Secret Sauce 19 - Xminus1

April 22, 2025
Secret Sauce 19 - Xminus1

Lefse is a scandinavian potato flatbread. It has a mildly sweet taste and I normally prepare it as a dessert by buttering and sprinkling with granulated sugar on one side, rolling it up, and cutting it into finger food sized bites. Preparing and sharing lefse is one of the only Norwegian traditions I do. I make lefse once a year -- either for Thanksgiving or around Christmas. When I make lefse I make large batches. Scratch-made food is a great gift. And though the preparation/frying time increases with the batch size. The not-insignificant cleaning time stays mostly the same.

Cooking tools

- Flat griddle (can use a frying pan on a stovetop too)
- Lefse flipper
- Rolling pin with rolling pin cover (you can just use a sock and rolling pin)
- A pastry rolling board with cover (it’s really nice to have a spare cover in case the first gets wet)
- Potato ricer
- A big pot (8qts work well)
- Baking sheet
- Mixing Bowl

Ingredients (~40 lefse)

- 5 lbs of potatoes (big russets are the starchiest potatoes and will produce the most workable lefse dough. However, yukon gold tastes better. I like to do a mixture: 3 lb yukon gold + 2 lb russet)
- 1 stick butter
- 3 ¾ cup flower (and a lot of extra flower to keep rolling surfaces coated)
- 2.5 tsp salt
- 5 tsp sugar
- 1 ¼ cup heavy cream

Prepping the potatoes (the night before)

Fill pot with water and salt and heat to a boil. Wash the potatoes. Boil until soft -- use a fork to test(~25 min). Drain water and let the potatoes cool enough to handle (don’t let them fully cool). Skin potatoes and remove all dark/tough growths from the potatoes. Dice the potatoes into chunks small enough for the potato ricer. Rice the potatoes while they are warm into a bowl/pot. Melt 1 stick of butter into the hot riced potatoes (dice the butter and mix it up!)

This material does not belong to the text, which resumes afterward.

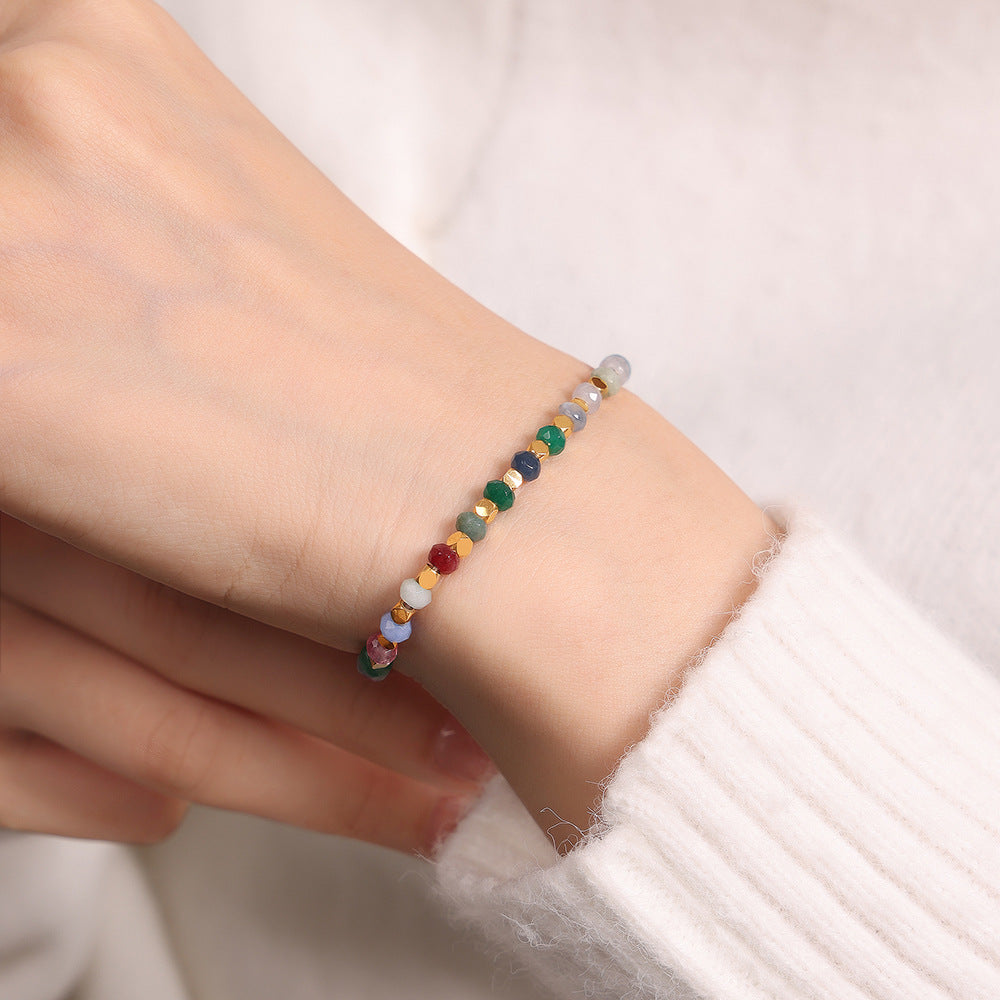 Close-up of multi-color tourmaline beads on a titanium steel necklace.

Transfer hot buttery potatoes to baking sheet and allow to cool on counter (the goal is to get moisture out of the potatoes). Transfer tray to refrigerator overnight uncovered (again we’re drying these things out).

Prepping the lefse dough

Hand blend flour, salt, sugar, heavy cream, and sugar with the riced potatoes from the previous night. Prep dough balls -- firmly hand roll dough to balls slightly larger than golf balls. Place on baking sheet and put in the fridge.

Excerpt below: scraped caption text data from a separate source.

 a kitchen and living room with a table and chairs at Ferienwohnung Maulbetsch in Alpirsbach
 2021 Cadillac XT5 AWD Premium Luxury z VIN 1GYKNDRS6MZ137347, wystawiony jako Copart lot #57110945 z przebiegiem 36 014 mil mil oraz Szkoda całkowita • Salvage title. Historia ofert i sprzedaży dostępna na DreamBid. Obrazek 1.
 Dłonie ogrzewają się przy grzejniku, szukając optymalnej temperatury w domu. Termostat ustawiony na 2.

Preparing to roll and grill

Heat your griddle to 400-450 F (If you’re in the groove of grilling these things you can turn it up to decrease the cook time). Prepare your rolling surface and rolling pin with a generous coating of flour. The flour will prevent moisture from being transferred from the lefse balls to the rolling surface or to the rolling pin. Be sure to keep these things coated in flour! If wet spots develop on either surface rolling the lefse will become very difficult. You can use a sharp knife to scrape down sticky spots that develop. Follow up with excess flower and the spot and you should be able to recover.

Rolling and Grilling

Grab a dough ball from the fridge and roll it out on the surface. The goal is pretty thin -- thin enough to almost be transparent. Transfer rolled lefse onto the griddle using the lefse flipper -- gently slide flipper under the middle of the lefse, gently lift up the lefse with the stick, if you experience resistance gently sweep under the lefse with the lefse flipper, place an end of the lefse on to the edge of the griddle and lower ½ of the lefse onto the griddle, then roll the lefse stick transfer the other half of the lefse to the griddle. Allow the lefse to grill on one side (30-60s) (until some light brown marks form). Flip and cook the remaining side for (30-45s)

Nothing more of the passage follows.